Location
- 1260 Union Street Red Bluff, California, 96080 United States 40°10′37″N 122°15′01″W﻿ / ﻿40.17689°N 122.25017°W

Information
- Type: Public School
- Principal: Rich Hassay
- Teaching staff: 80.14 (FTE)
- Grades: 9-12
- Enrollment: 1,584 (2023-2024)
- Student to teacher ratio: 19.77
- Campus: Rural
- Colors: Green and Gold
- Mascot: Spartans
- Newspaper: The Bluffer
- Website: rbhs.rbhsd.org

= Red Bluff High School =

Red Bluff High School is a public school in Red Bluff, California. The institution offers courses from the ninth grade to the twelfth grade and is a member of the Red Bluff Joint Union High School District. The campus is located at 1260 Union Street in Red Bluff.

==Academics==
In 2010, Red Bluff High School was one of 28 high schools around the country to receive a $2 million grant dubbed the Smaller Learning Communities Grant. The goal of the program is to increase student achievement and graduation rates, and encourage more students to strive for a post-secondary education.

===Athletics===
Red Bluff High School is a part of the Northern Section California Interscholastic Federation.

====Sports teams====

Interscholastic Athletic Teams
| Sport | Level | Season | Gender |
|---|---|---|---|
| Baseball | V, JV | Spring | Boys' |
| Basketball | V, JV, F | Winter | Boys', Girls' |
| Cross-Country | V, JV | Fall | Girls', Boys' |
| Football | V, JV, F | Fall | Boys' |
| Golf | V | Spring | Coed |
| Soccer | V | Fall (Girls'), Spring (Boys') | Boys', Girls' |
| Skiing | V | Winter | Boys', Girls' |
| Softball | V, JV | Spring | Girls' |
| Swimming | V, JV | Winter | Boys', Girls' |
| Tennis | V, JV | Fall (Girls'), Spring (Boys') | Boys', Girls' |
| Track (outdoor) | V, JV | Spring | Boys', Girls' |
| Volleyball | V, JV | Fall | Girls' |
| Wrestling | V, JV | Winter | Coed |

- V = Varsity, JV = Junior Varsity, F = Freshman

==Notable alumni==

Famous graduates of Red Bluff High School include:
- Michael Chiarello, celebrity chef
- William John Cooper, United States Commissioner of Education
- Clair Engle, California State Senator 1934-43, United States Congressman 1943-59, United States Senator 1959-64. In April 1964, after two surgeries for brain tumors had paralyzed him and robbed him of his power of speech, he insisted on being wheeled onto the Senate floor to cast a crucial vote to stop a southern filibuster designed to block the landmark civil rights bill.
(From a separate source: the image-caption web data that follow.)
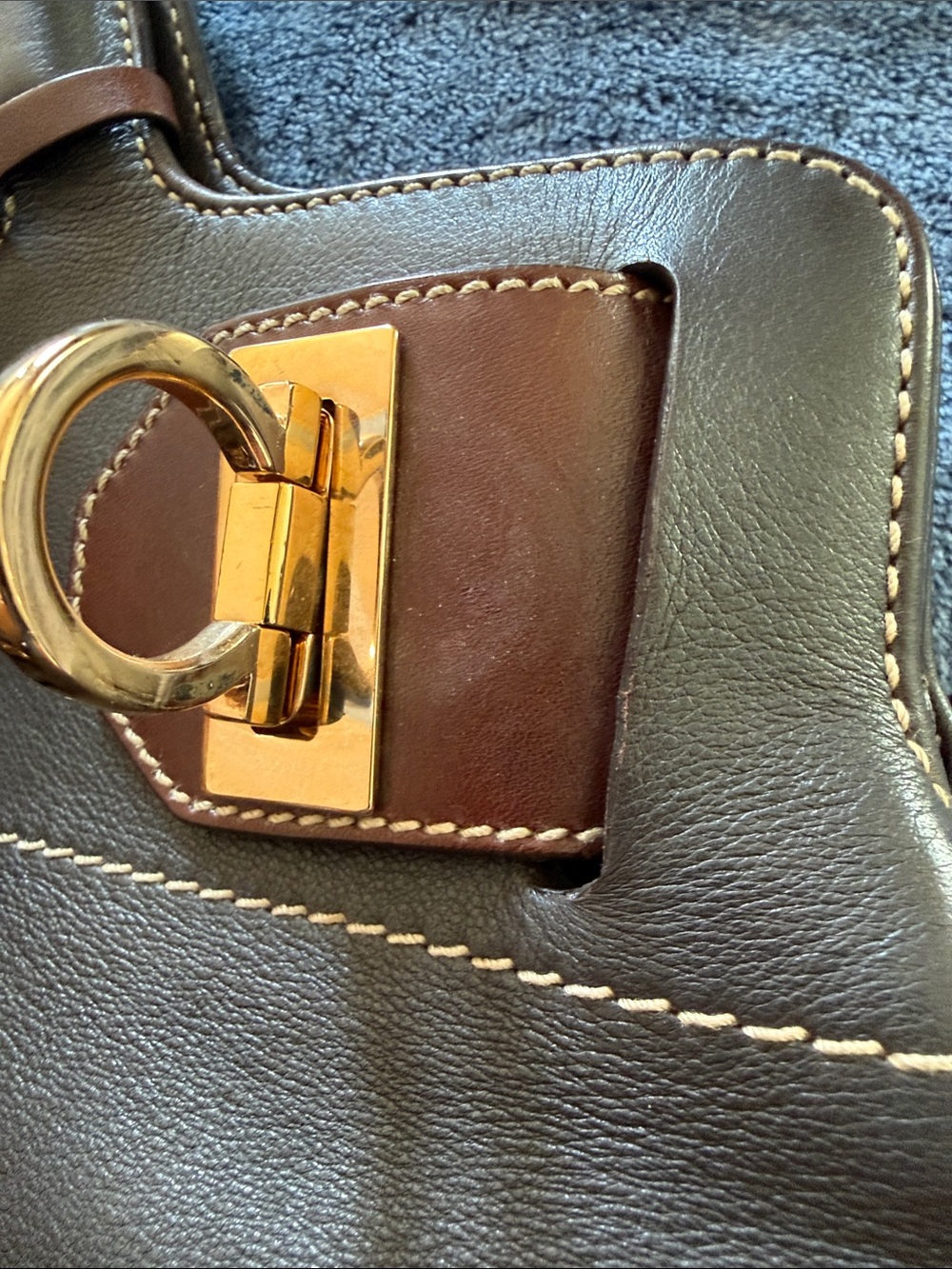 Authentic Brown Leather Tote with Gold Hardware - Picture 12 of 17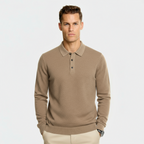 Men’s Wool Blend Polo Collar Sweater – Regular Fit Knit Pullover with Ribbed Edges & Three-Button Placket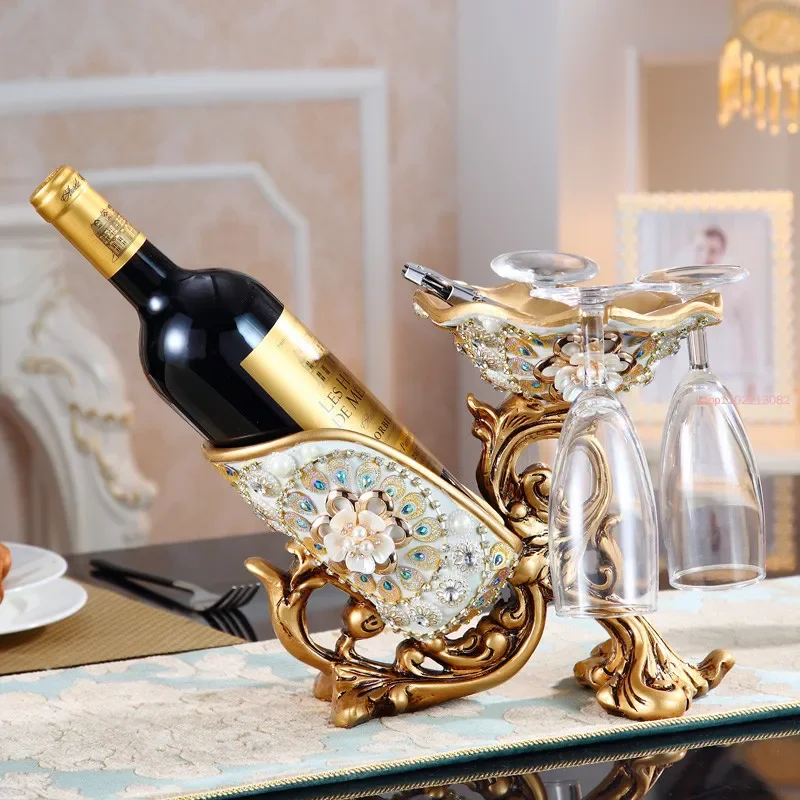 

European Style Red Wine Holder Living Room Wine Cabinet Decorations Resin Creative Household Glass Bottle Storage Rack Bar Tools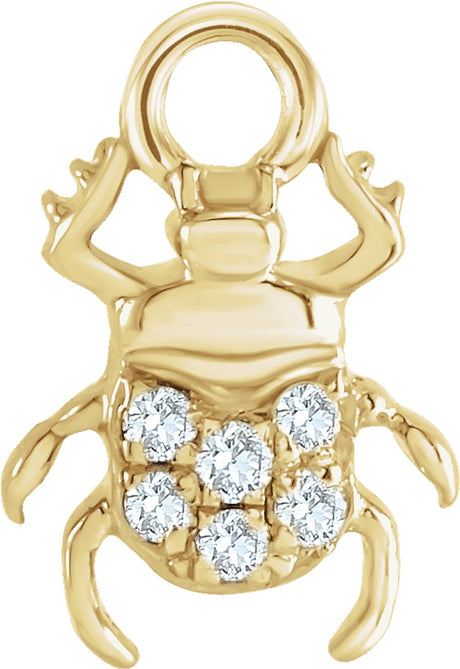 14K Yellow Petite Pavé™ .03 CTW Natural Diamond Beetle Dangle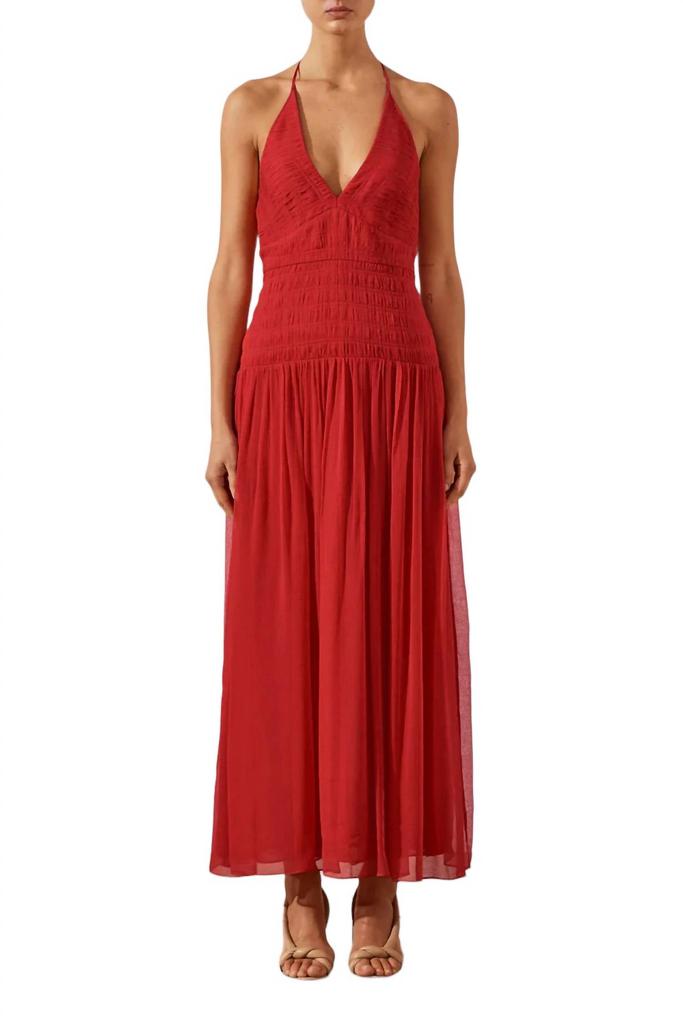 Shona Joy HALTER TIE MIDI DRESS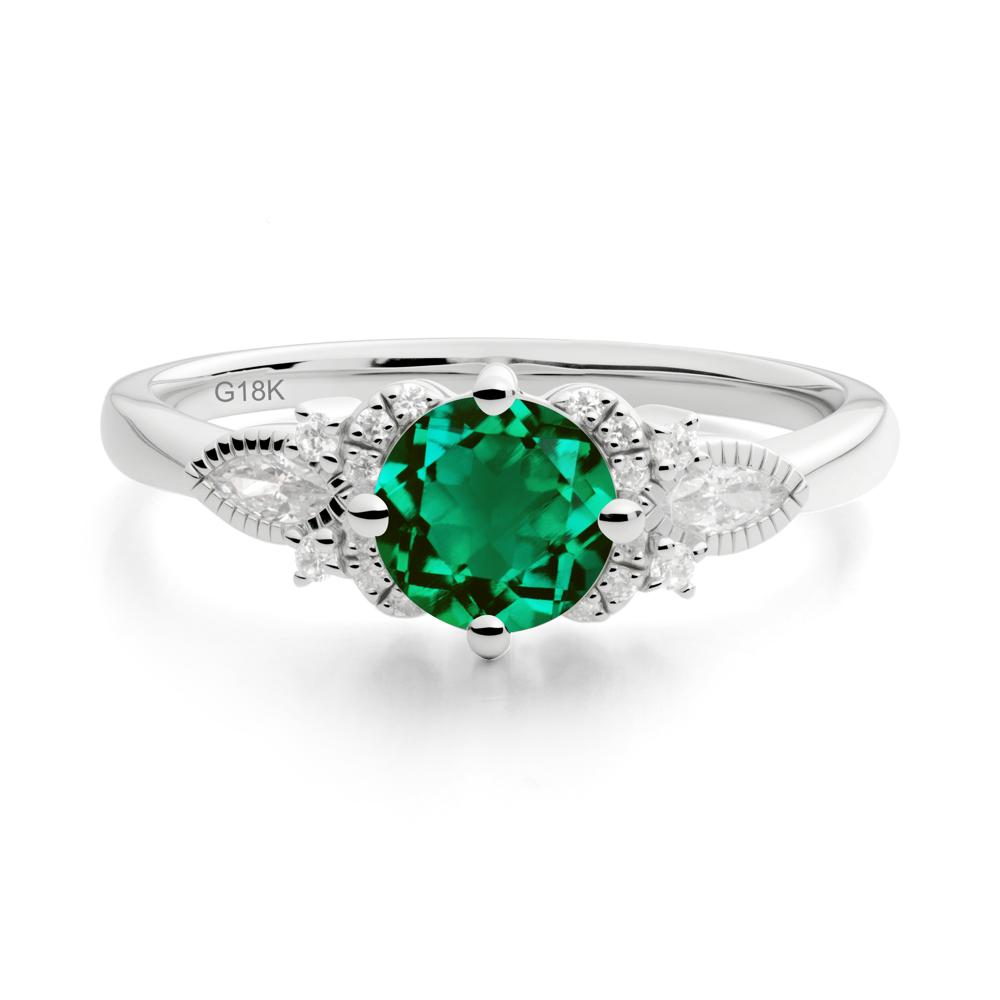 Round Emerald Floral Statement Ring - LUO Jewelry #metal_18k white gold
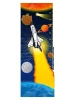 Growth chart sticker 1147 - Graphic design. A rocket soars into space, surrounded by planets and asteroids.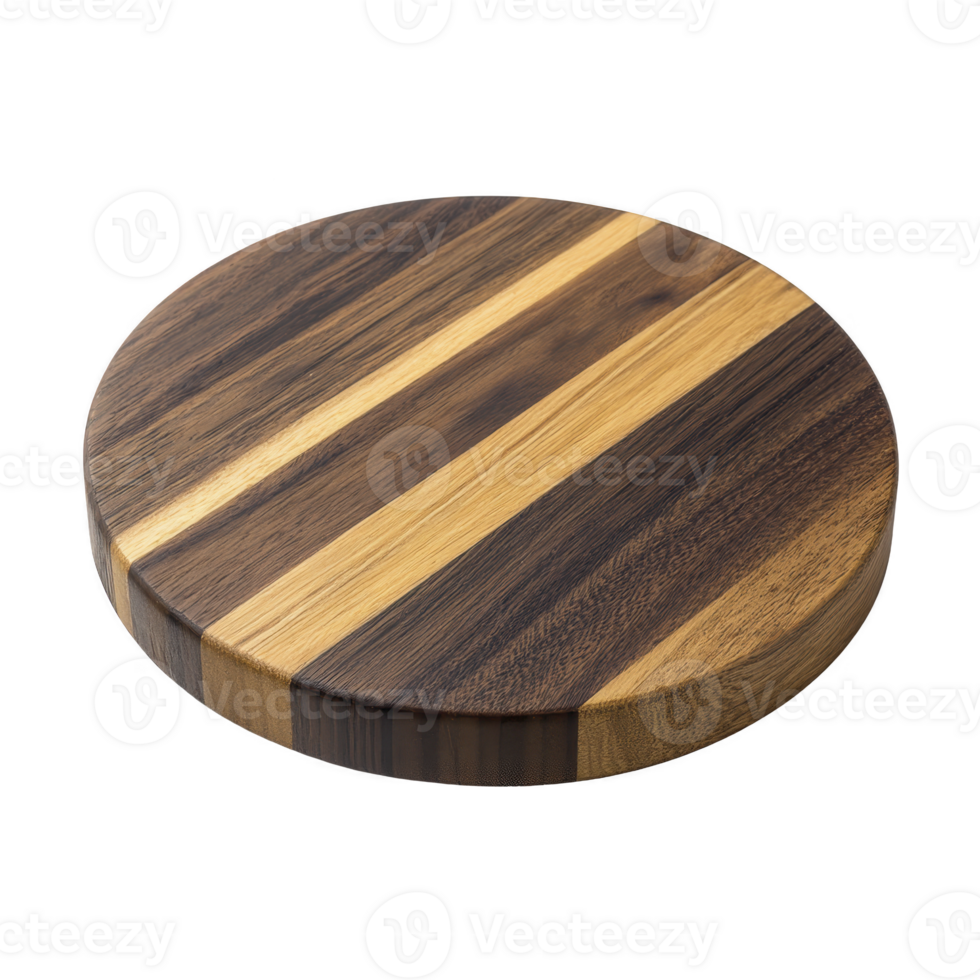 Round wooden cutting board with striped pattern of light and dark wood, showcasing smooth finish and natural texture. Ideal for kitchen use or as serving platter png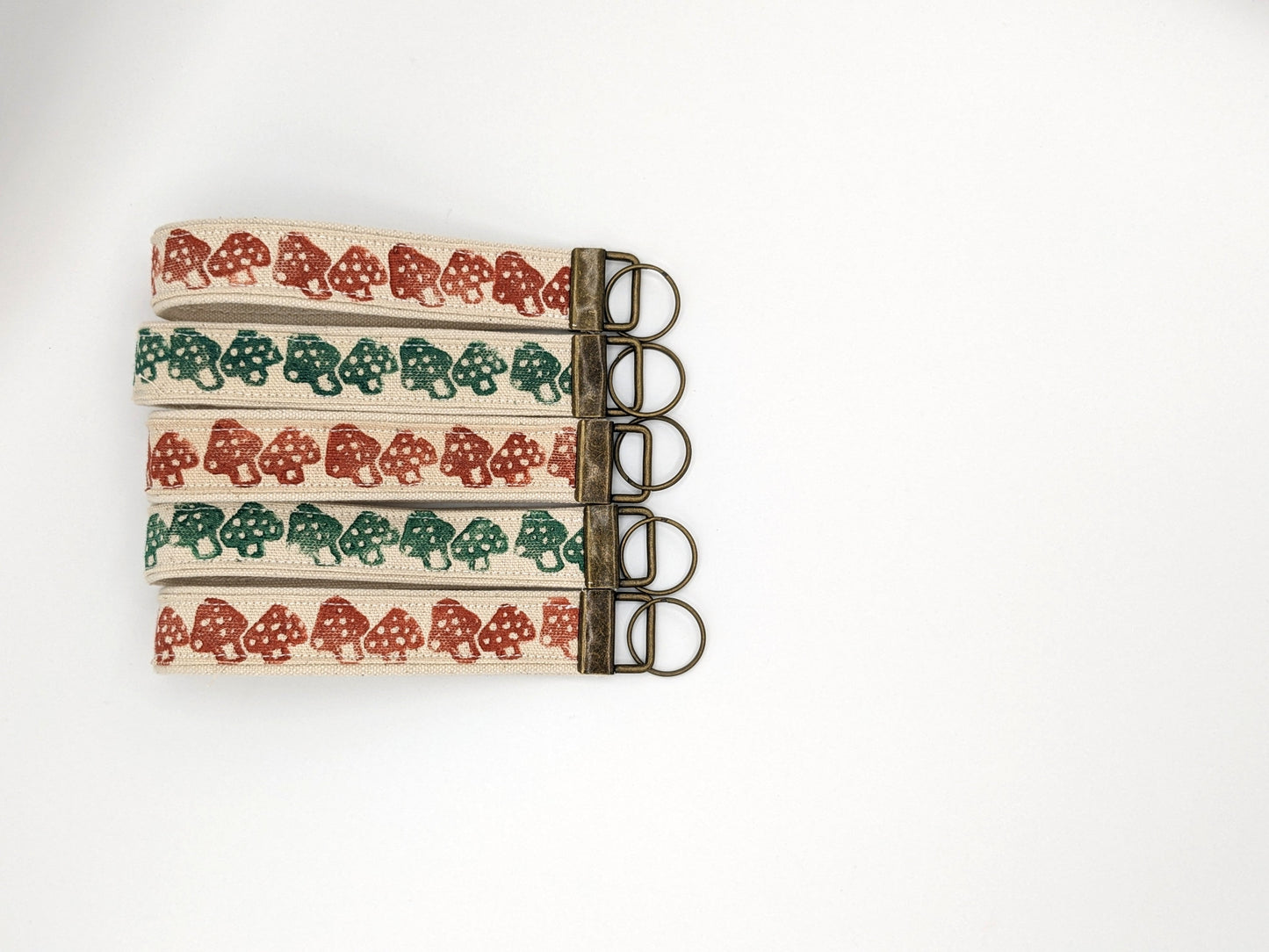 Mushroom Block Printed Key Fob Wristlet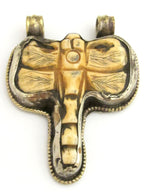 Tibetan silver carved Dragonfly bone pendant with reverse side Lotus flower carving repousse - PM345K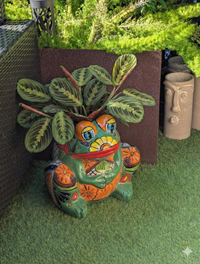 Colorful frog-shaped planter with a plant on a grassy surface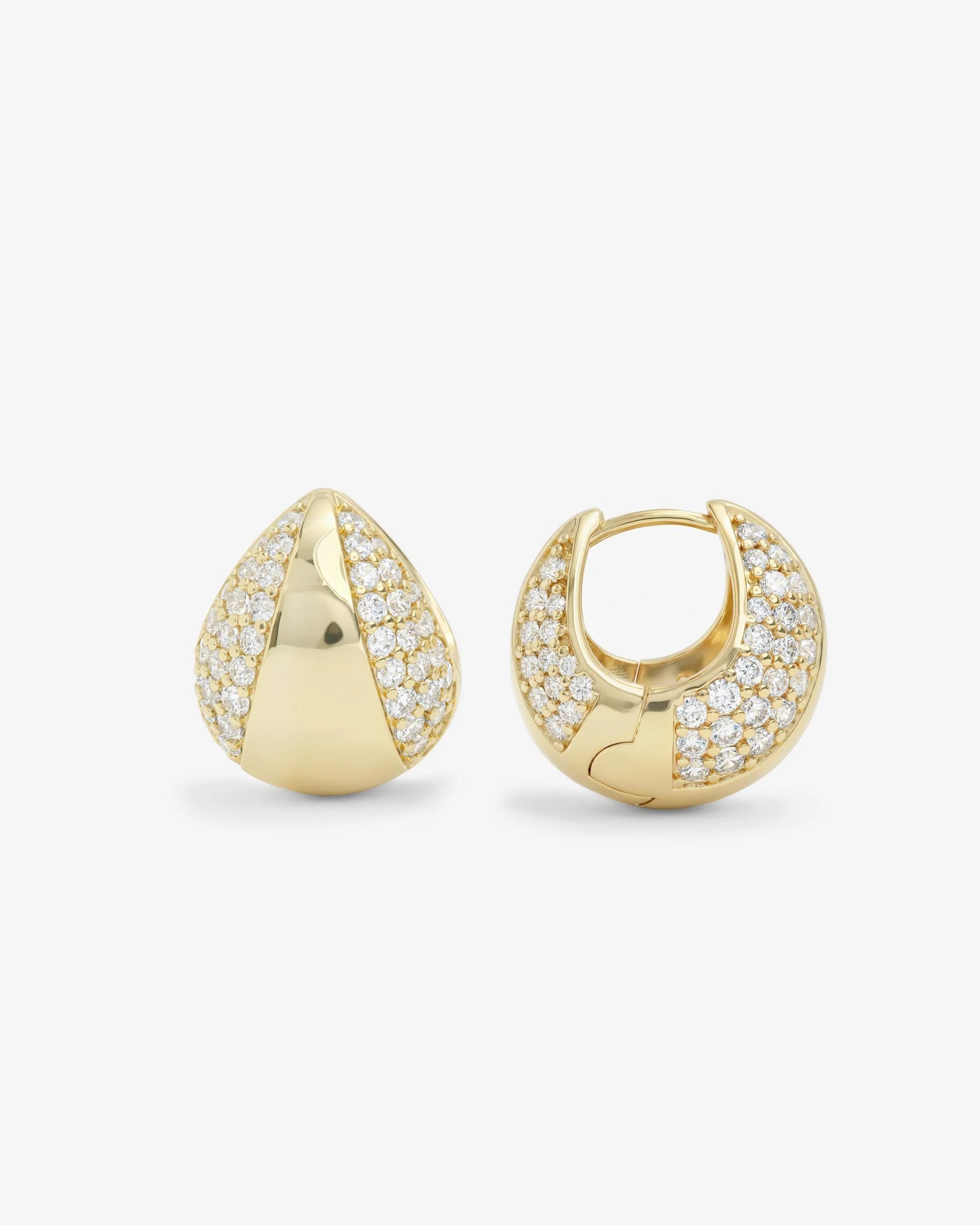 Norah Split Pavé Earrings - Gold|White Diamondettes | Melinda Maria Jewelry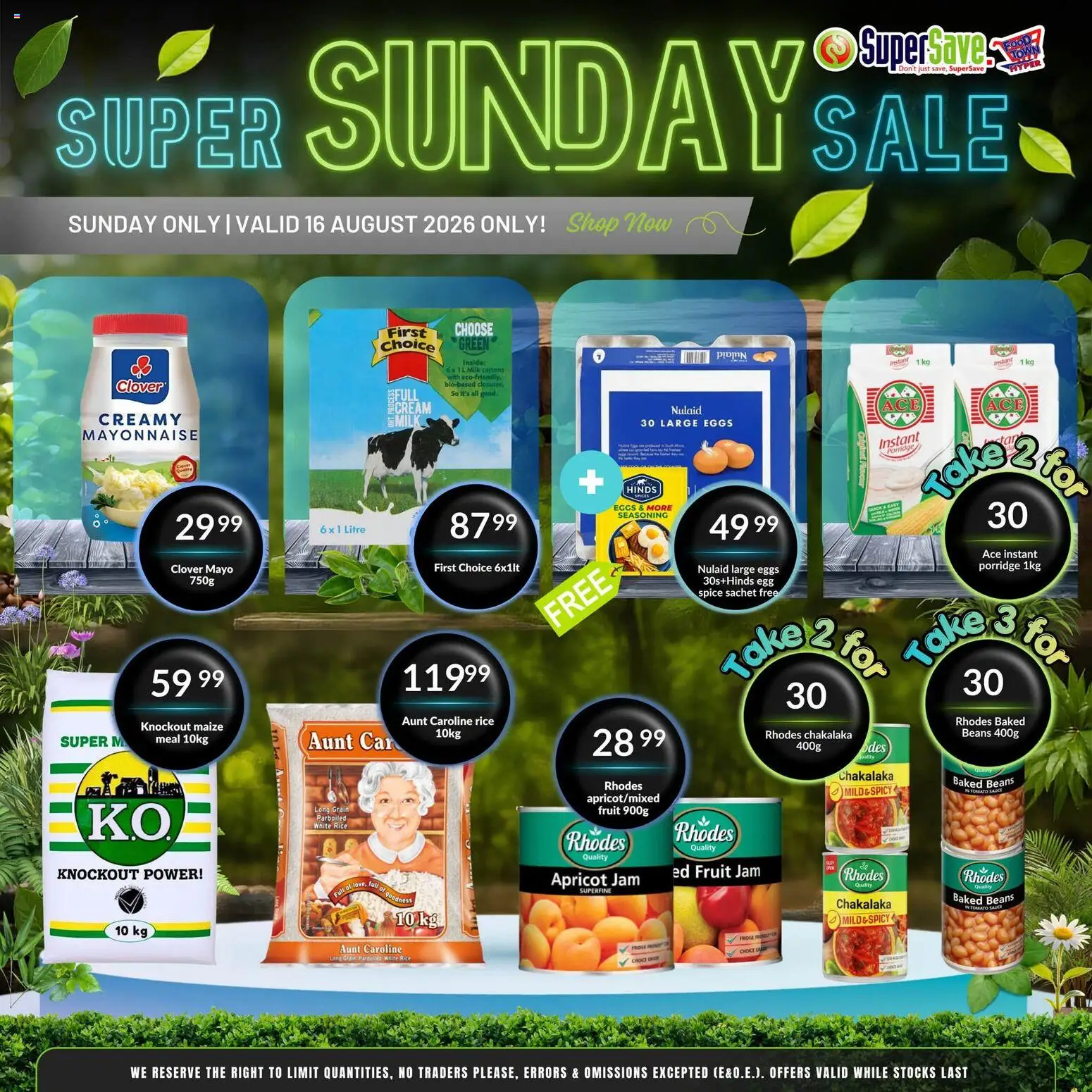 New Super Save catalogue – valid from 16/08/2026 | Page: 2 | Products: Baked beans, Rice, Seasoning, Tomato sauce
When the secretary called, "Mr Engle." there was no response. From his wheelchair Engle slowly raised his hand and touched his eye, indicating an "aye" vote. The filibuster was blocked and the bill passed. Engle died a few weeks later.
- Gale Gilbert, QB University of California Golden Bears, Seattle Seahawks, Buffalo Bills, San Diego Chargers; only player in NFL history to play in five (5) consecutive NFL Championship (Super Bowl) games (four with Buffalo Bills and one with San Diego Chargers) and be on the losing end in all five(5) contests. Also played on the Red Bluff Little League team that won the national championship and played Taiwan in the 1974 World Series.
- Bob Grim, end on Oregon State's 1966 Rose Bowl team; drafted by the Minnesota Vikings in the 2nd round of the 1967 draft, played on their 1969 NFC championship team and in Super Bowl VI; traded to New York Giants, then to the Chicago Bears and finally back to the Vikings, where he played on their 1976 NFC championship team and in Super Bowl XI
- Marv Grissom, Pitcher on the 1954 New York Giants World Series champions, member of the 1954 National League All-Star Team
- James Servera Jr., Hair Department head for TV. Shows such as; Drunk History, The real O'Neals, You're the Worst, Agents of Shield and Raising Hope.

==Miscellaneous==

Several films have been shot on the Red Bluff High School campus over the years. In 1997, Good Morning America filmed an introduction segment on the Red Bluff High School parking lot.

In the 1960s voters turned down a bond proposal designed to replace the old high school building. A short time later, in what was viewed by some as "an amazing coincidence," the high school burned to the ground. The new buildings were built and the footprint of the old one is now occupied by tennis courts.